While Ammonite’s swoon-worthy cast and prestige factor make for likely Oscar fodder, not everyone is pleased with the film’s queer premise. As Film Daily put it, “Queer movies often suffer from a fair amount of stereotypes and tired tropes,” what comedian Liza Dye dubbed the genre of “depressed dykes on a beach.” And, from its tide-heavy, violin-addled trailer, Ammonite could surely appear “firmly in the camp of white-lady lesbian angst,” displacing queer concerns onto a dreamily escapist foreign landscape. Visual and narrative similarities to Céline Sciamma’s Portrait of a Lady on Fire (2019) further encourage this (mis)interpretation. Both are period dramas set by the sea, about women thrust together by circumstance, forming a friendship and then becoming lovers. Both involve a feminine “lady” and a self-reliant, working woman. Both boast some fetching frocks and more than a few fine hats. 

Kate Winslet in Ammonite, dir. Francis Lee

But to call Ammonite a “love story” in the spirit of Portrait misses the larger point. With three scenes of intimacy, of which only one feels truly amorous, Ammonite is less about heaving bosoms than heavy physical labor. When characters aren’t shoveling coal, they are lighting candles in cramped quarters or scraping carrots with an ancient knife. A lot of time is devoted to the slow, dirty process of finding, unearthing, and preparing fossils. Chapped hands, muddy boots, and wheelbarrows abound. 

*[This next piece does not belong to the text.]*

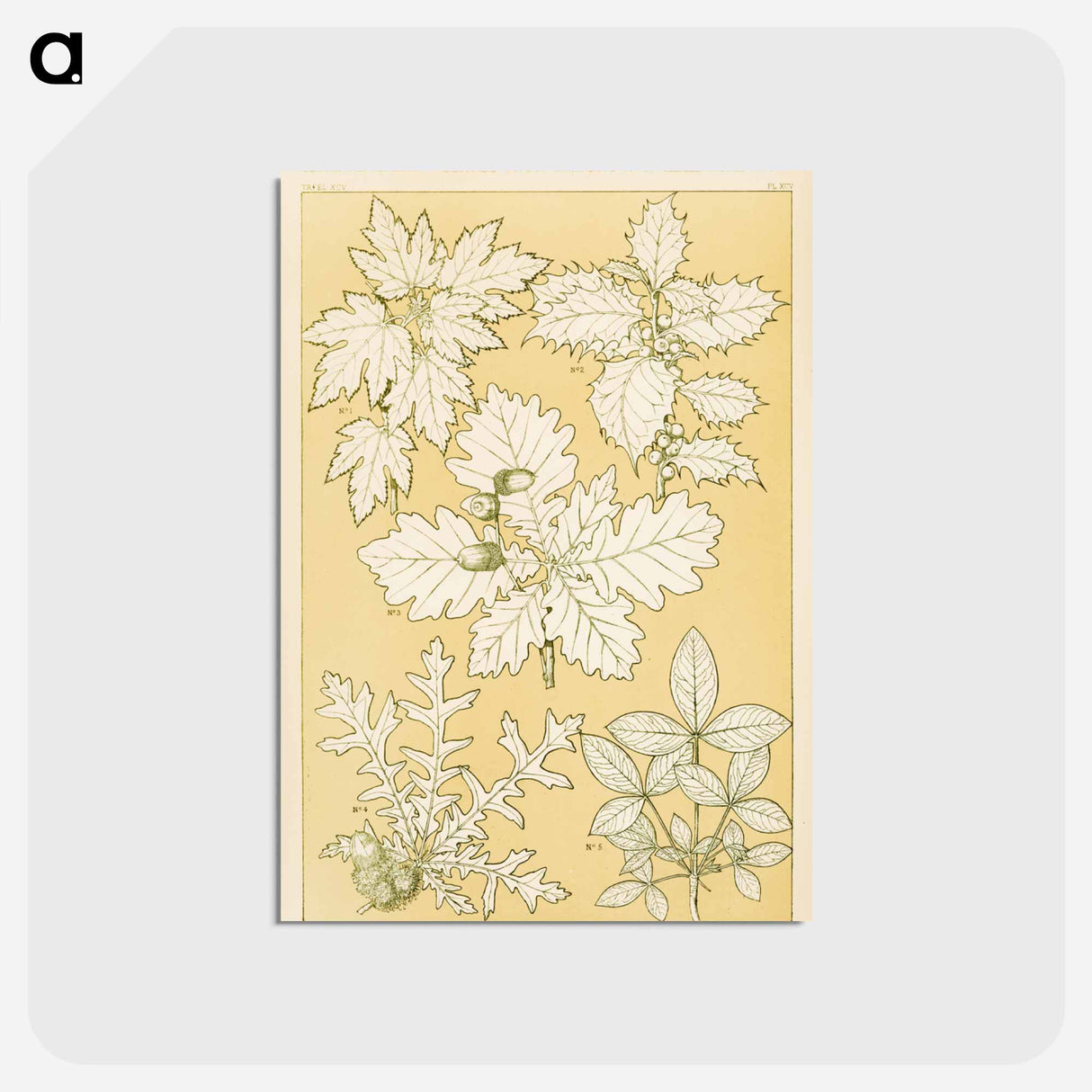 アートポストカード-Nineteenth-Century Ornament
- 装飾の文法 Postcard.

As in his 2017 debut God’s Own Country, which explored the relationship between two Yorkshire sheep farmers, Lee’s vision of romance is as rocky as the Lyme Regis shore — it prompts less a tingle through the loins than a chill down the spine. For much of the diegesis, Mary and Charlotte barely exchange words, and are hardly eager companions. When Charlotte plays the dainty diva during their morning excavation on the beach, Mary sets her straight. “Let me be clear,” she glowers at her corseted tagalong, “I don’t want you here. Your husband paid me to take you out here with me. Don’t matter to me if you want to be here or not.” When they finally kiss a full 70 minutes in, the swift, carnal shift to the event reads as desperate as much as tender, the women moving from nervously locking lips to hungrily hiking up petticoats. When, by the end of the film, Mary tells Charlotte, “You don’t understand me,” it is easy to see why. 

On one level, the flinty, taciturn paleontologist is an odd turn for Winslet, whose natural ebullience defined films like Sense and Sensibility (1995) and Eternal Sunshine of the Spotless Mind (2004). But on another, Mary is the perfect vehicle for the actor, 45, to embrace a new manner of depth, as a plausible autodidact unearthing hidden fossils. As Winslet shared in an interview with Vanity Fair, “I felt it was very important to be able to carry the weight of the manual laboring life that was so much a part of who Mary was. There’s a solidity and a heftiness to her that I wanted to create. That just meant physically doing a few things a little differently and letting go of all vanity.”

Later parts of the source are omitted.